Problem to work on — Without any pictures, restate the full set of records below exactly.
==== Entries provided ====
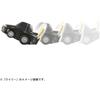 ChoroQ e-02 Nissan Skyline GT-R R32 with Special Coin Action Toy 2022 Japan Toy Award Winner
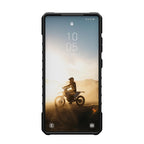 UAG Urban Armor Gear Pathfinder Samsung Galaxy S25 Ultra Case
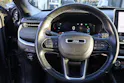 Jeep Compass 1.3 80th Anniversary 4xe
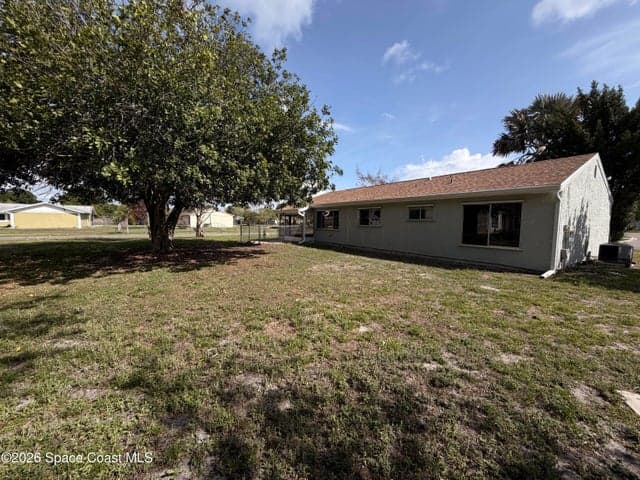 1256 Dawn Street NE, Palm Bay, FL 32905 — photo 9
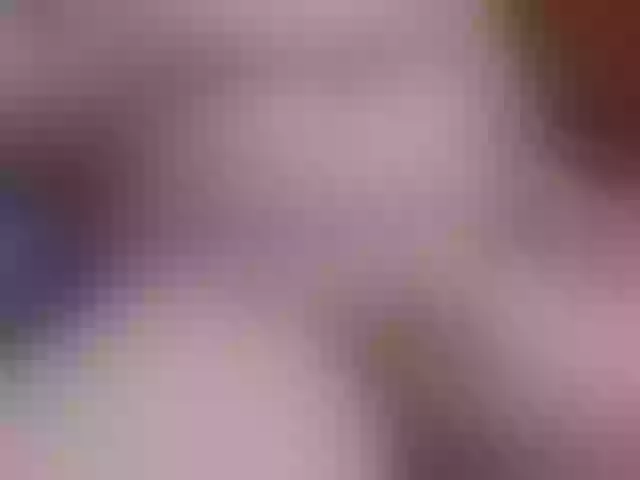 Live sex webcam photo for Adiseba10 #291186135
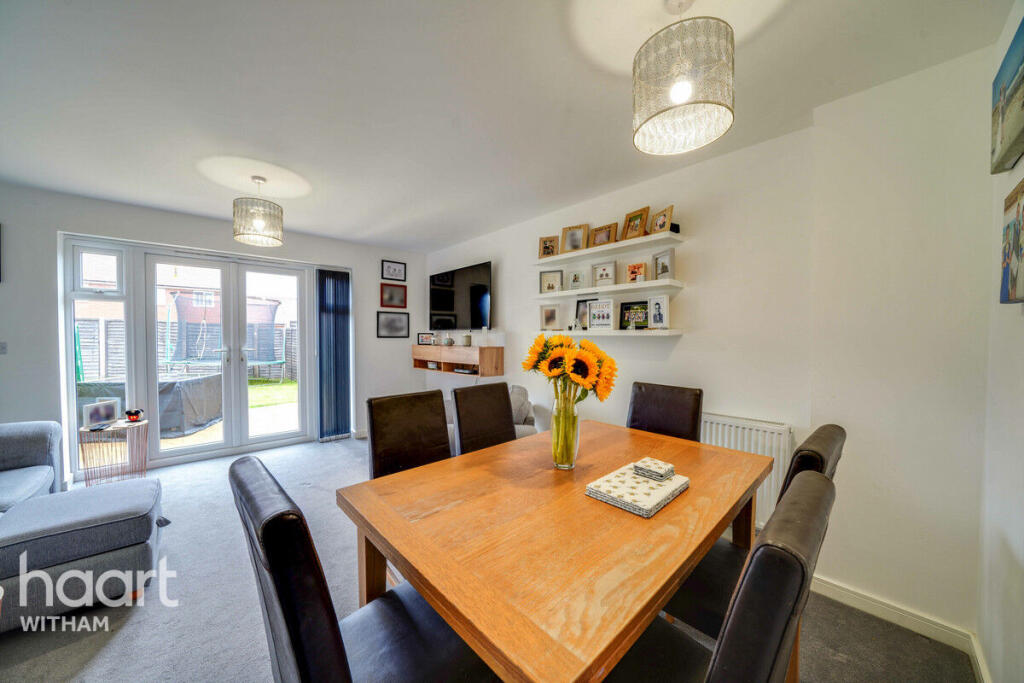 Additional image 12 of Hawkins Close, Rivenhall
====
Task result —
 ChoroQ e-02 Nissan Skyline GT-R R32 with Special Coin Action Toy 2022 Japan Toy Award Winner
 UAG Urban Armor Gear Pathfinder Samsung Galaxy S25 Ultra Case
 Jeep Compass 1.3 80th Anniversary 4xe
 1256 Dawn Street NE, Palm Bay, FL 32905 — photo 9
 Live sex webcam photo for Adiseba10 #291186135
 Additional image 12 of Hawkins Close, Rivenhall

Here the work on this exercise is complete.